Kaynaklar, Kassam’ın elit birliklerinin görevleriyle yer altındaki destek gruplarının görevlerinin birbirinden farklı olduğuna da dikkat çekti. Bazılarının lojistik ve ikmal, bazılarının pusu operasyonları yürüttüğü, bazılarının ise farklı gruplar arasında geçiş yaparak doğrudan saha komutanlığı ile temas kurduğu belirtildi.

Öne çıkan komutanlar

İsrail medyasının öldürülmelerinin ardından fotoğraflarını yayımladığı kişiler arasında, Refah’ın doğu tabur komutanı Muhammed el-Bavab, yardımcısı ve aynı zamanda eniştesi İsmail Ebu Lebde, ayrıca elit birlik komutanı Tufik Salim bulunuyor.

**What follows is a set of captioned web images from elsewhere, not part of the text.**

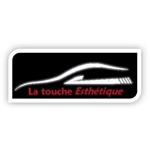 ALAIN ESTHÉTIQUE AUTO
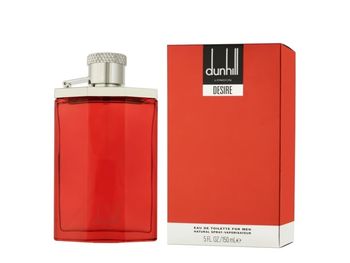 Dunhill Desire Red edt 150ml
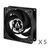 Arctic P8 PWM PST Value Pack - Pressure-optimised 8 | ACFAN00154A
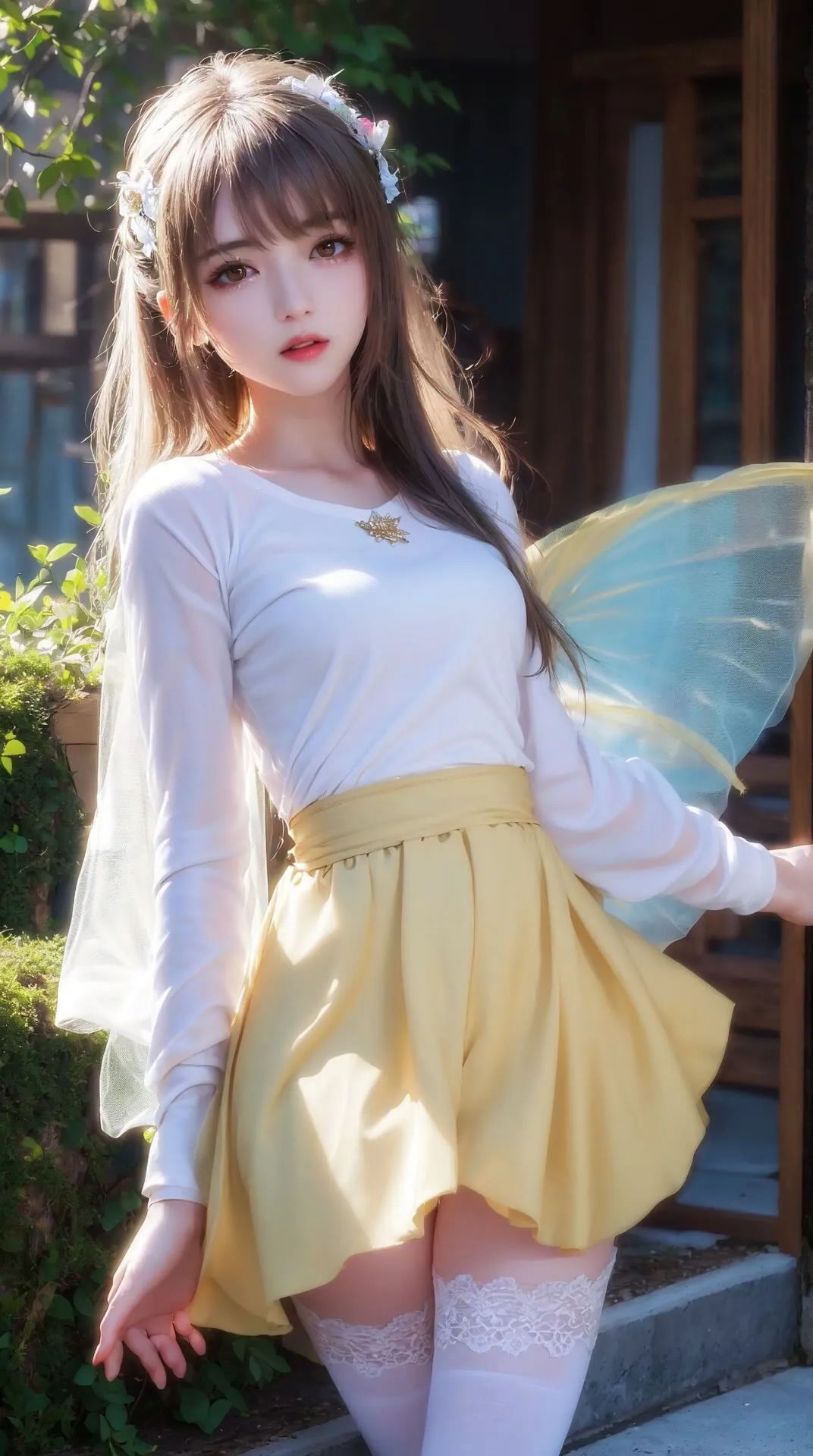 微信图片_20230429074416.jpg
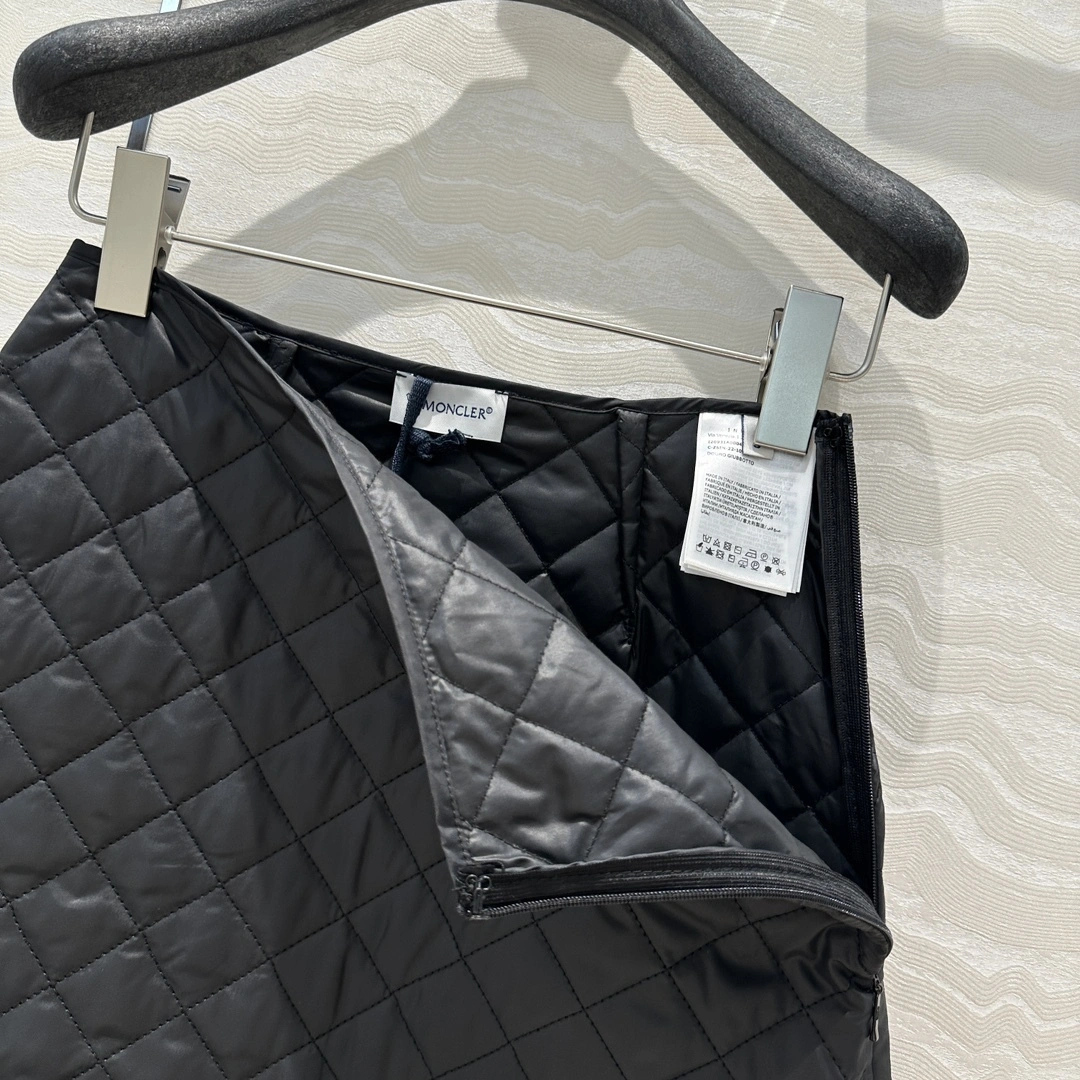 victoria- 7o9385r white goose down90 item:D-F061H1538
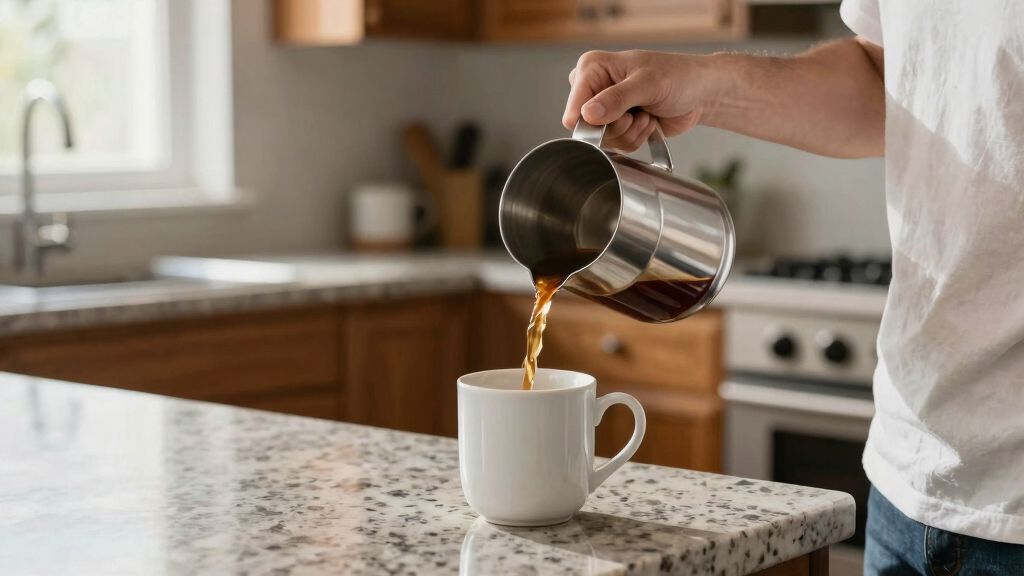 best coffee makers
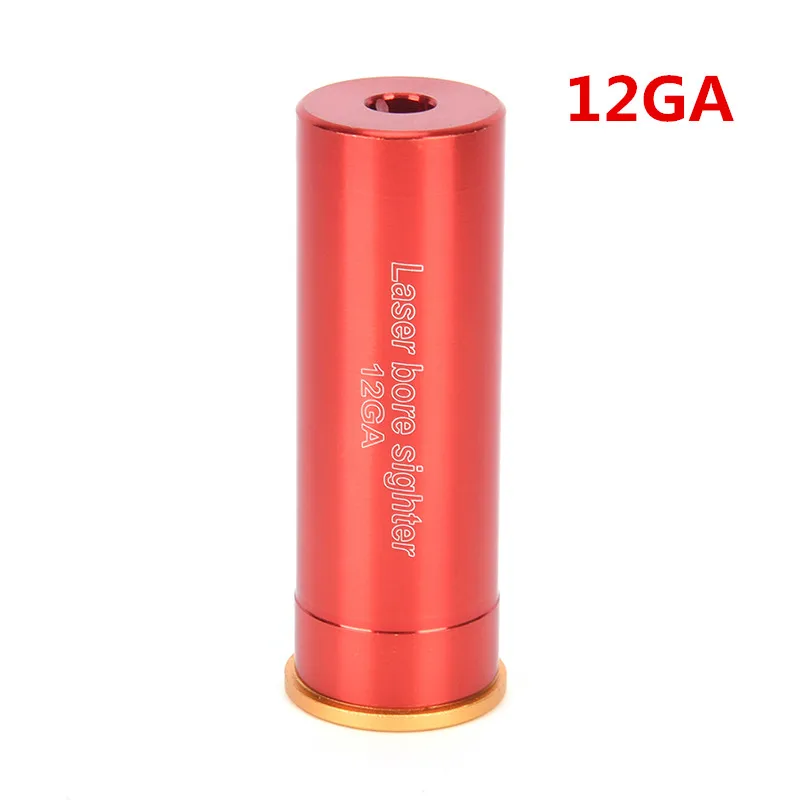 12GA_红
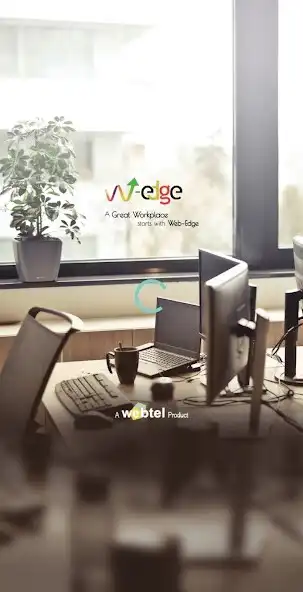 Play Web Edge  and enjoy Web Edge with UptoPlay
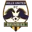 Hills Brumbies U20 logo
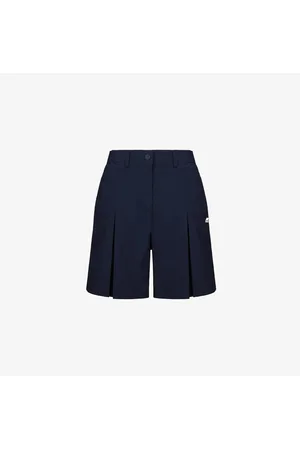 K-Way NOISE - Shorts - Chino senza pince - Donna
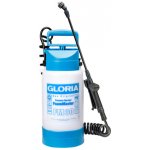 Gloria 3l FoamMaster FM 30 – Zboží Dáma Gloria 3l FoamMaster FM 30 – Zboží Dáma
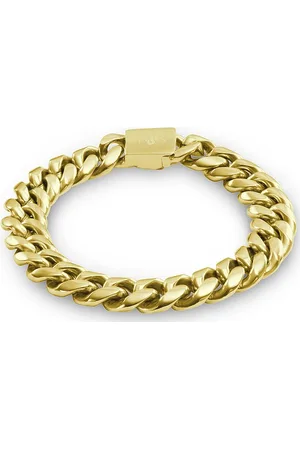 FAVS Armband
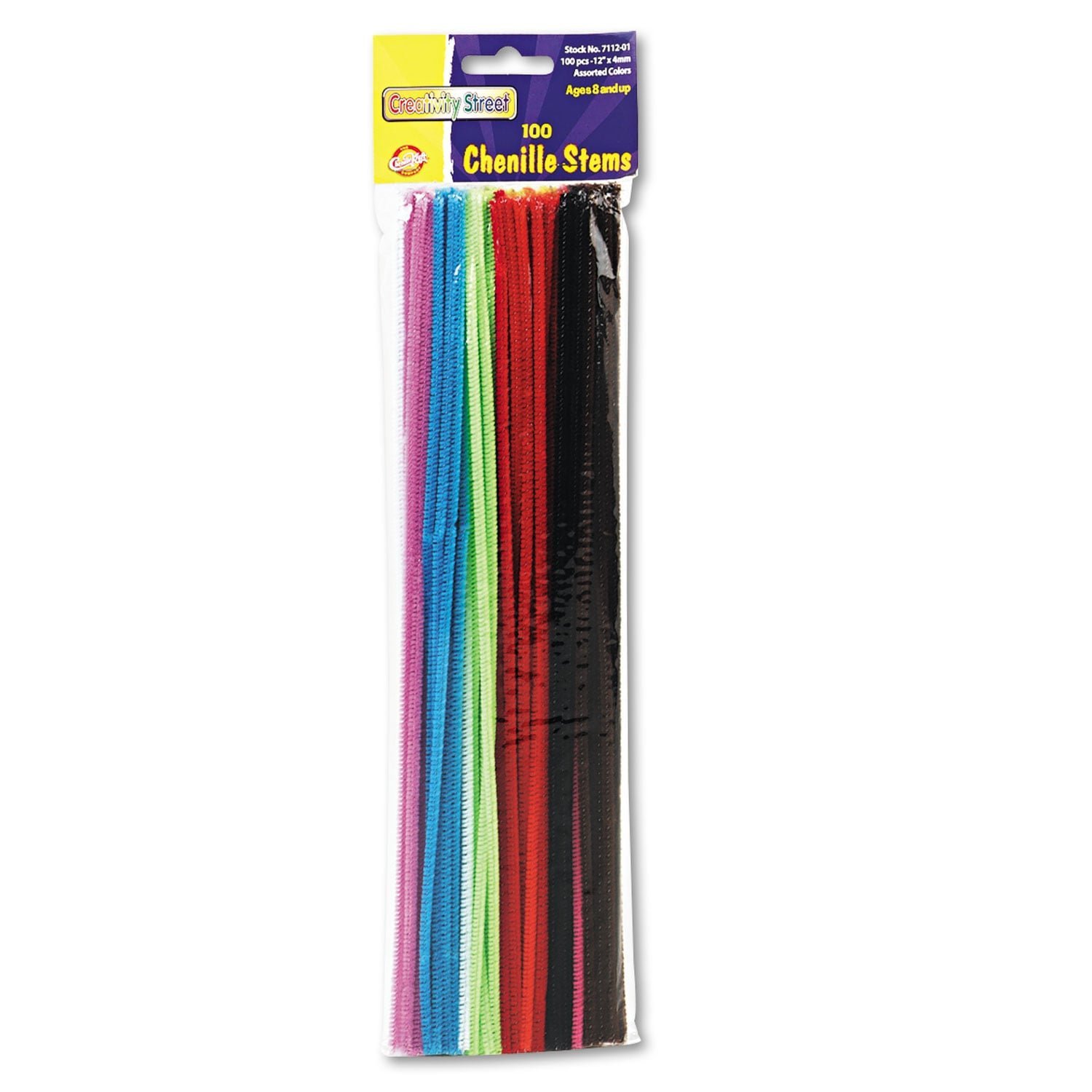 creativity-street-regular-stems-12-x-4-mm-metal-wire-polyester-assorted-1-1.jpg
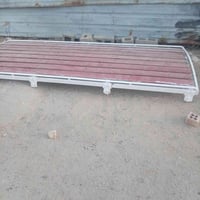 سوبايه • منغولي • ابو غريب
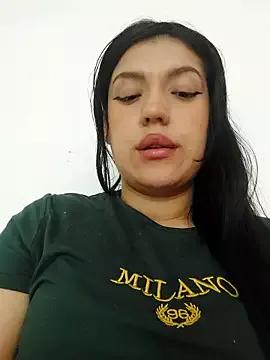 Checkout girls naked models with similar nickname. Cute sexy Free Models.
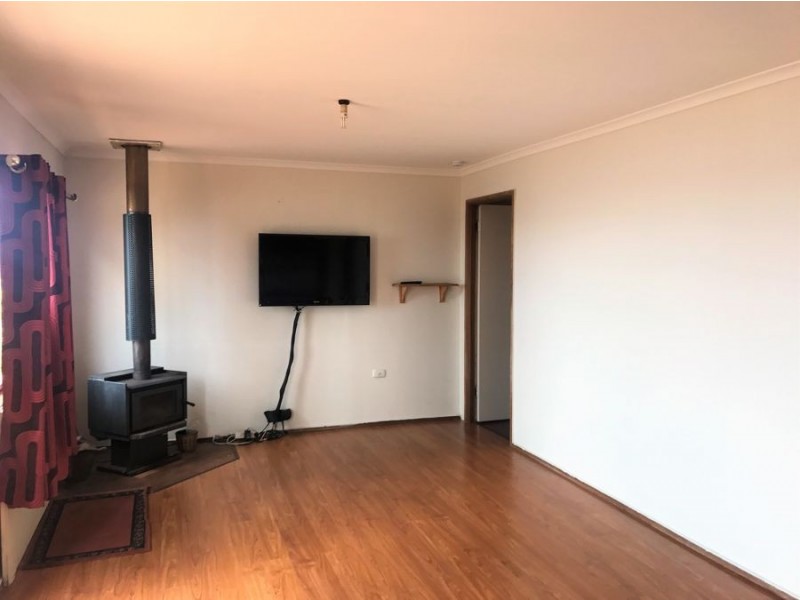 36 Craigs Hill Road, Boomer Bay TAS 7177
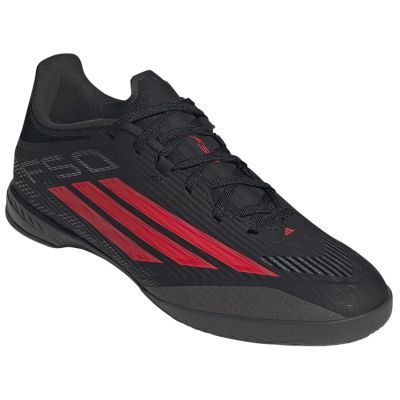 4. Adidas F50 League IN JR8974 shoes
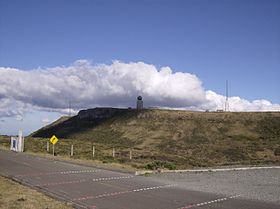 Morro da Igreja.JPG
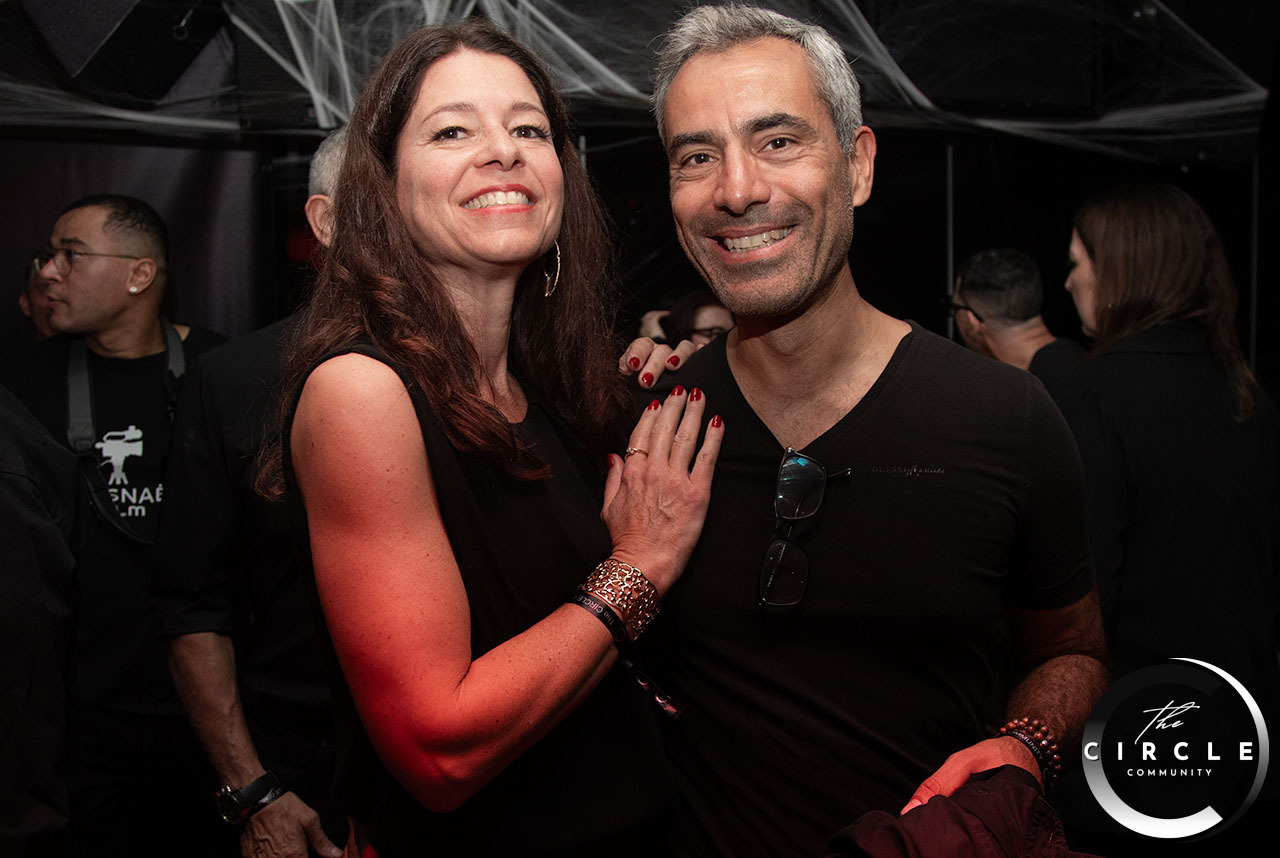 The_Circle_Black_Moon_13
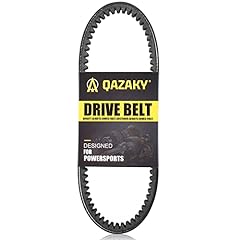 Qazaky drive belt for sale  Delivered anywhere in UK
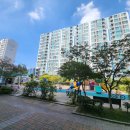 두정경남아너스빌 이미지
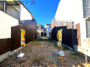 尼崎市浜田町2丁目土地の画像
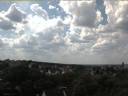 Vorschaubild von 14.07.2026 15:07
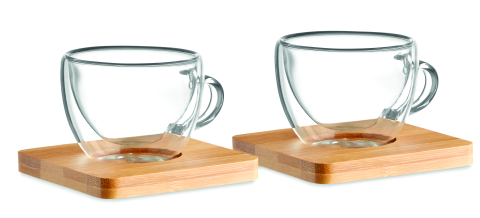 Ceai și cafea - BELIZE
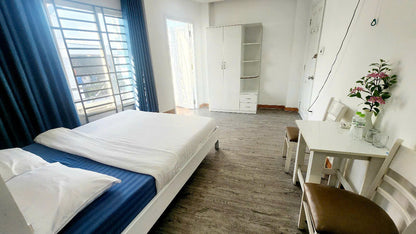 [011845]BDSTUBC-NM04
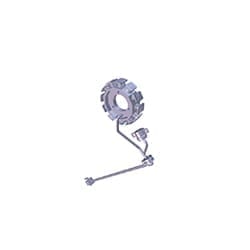 STATOR COMP - Super Splendor | Splendor+ - 31120AAF402S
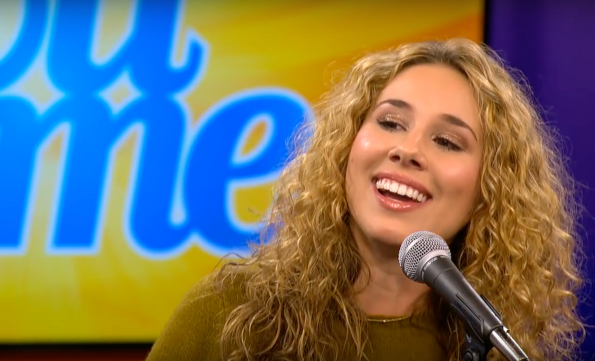 Screen Shot 2016-05-05 at 7.04.35 PM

Kaynaklara göre Ebu Lebde, Avraham Mengistu’nun teslim edilmesi sürecinde Kızılhaç ekibiyle doğrudan temas kuran isimdi. Bavab ise süreci uzaktan takip etti.

Her iki isim de 2014 savaşında İsrailli subay Hadar Goldin’in kaçırılması operasyonunu yöneten kişiler olarak biliniyor.

df
Kızılhaç araçları, Hadar Goldin'in cenazesini geçtiğimiz kasım ayında Gazze Şeridi'nde taşıyor (Reuters)

İsrail’in öldürdüğü isimler arasında ayrıca, Hamas Siyasi Büro üyesi Gazi Hamad’ın oğlu Abdullah Hamad da bulunuyor. Abdullah Hamad’ın müzakere heyetinin üyesi olduğu, savaş öncesinde Hamas yönetimine bağlı Rubat Askerî Koleji’nden mezun olduğu ve eğitimci olarak görev yaptığı aktarıldı. Abdullah Hamad, kuzeni Ahmed Said Hamad ile birlikte, tünelde Kassam komutanları ve diğer savaşçılarla aynı noktada öldürüldü.

Kaynaklar, Gazi Hamad’ın kardeşi Said Hamad’ın ise 7 Ekim saldırısına katılan damatlarının öldürülmesinin ardından üç kızını İsrail bombardımanında kaybettiğini belirtti.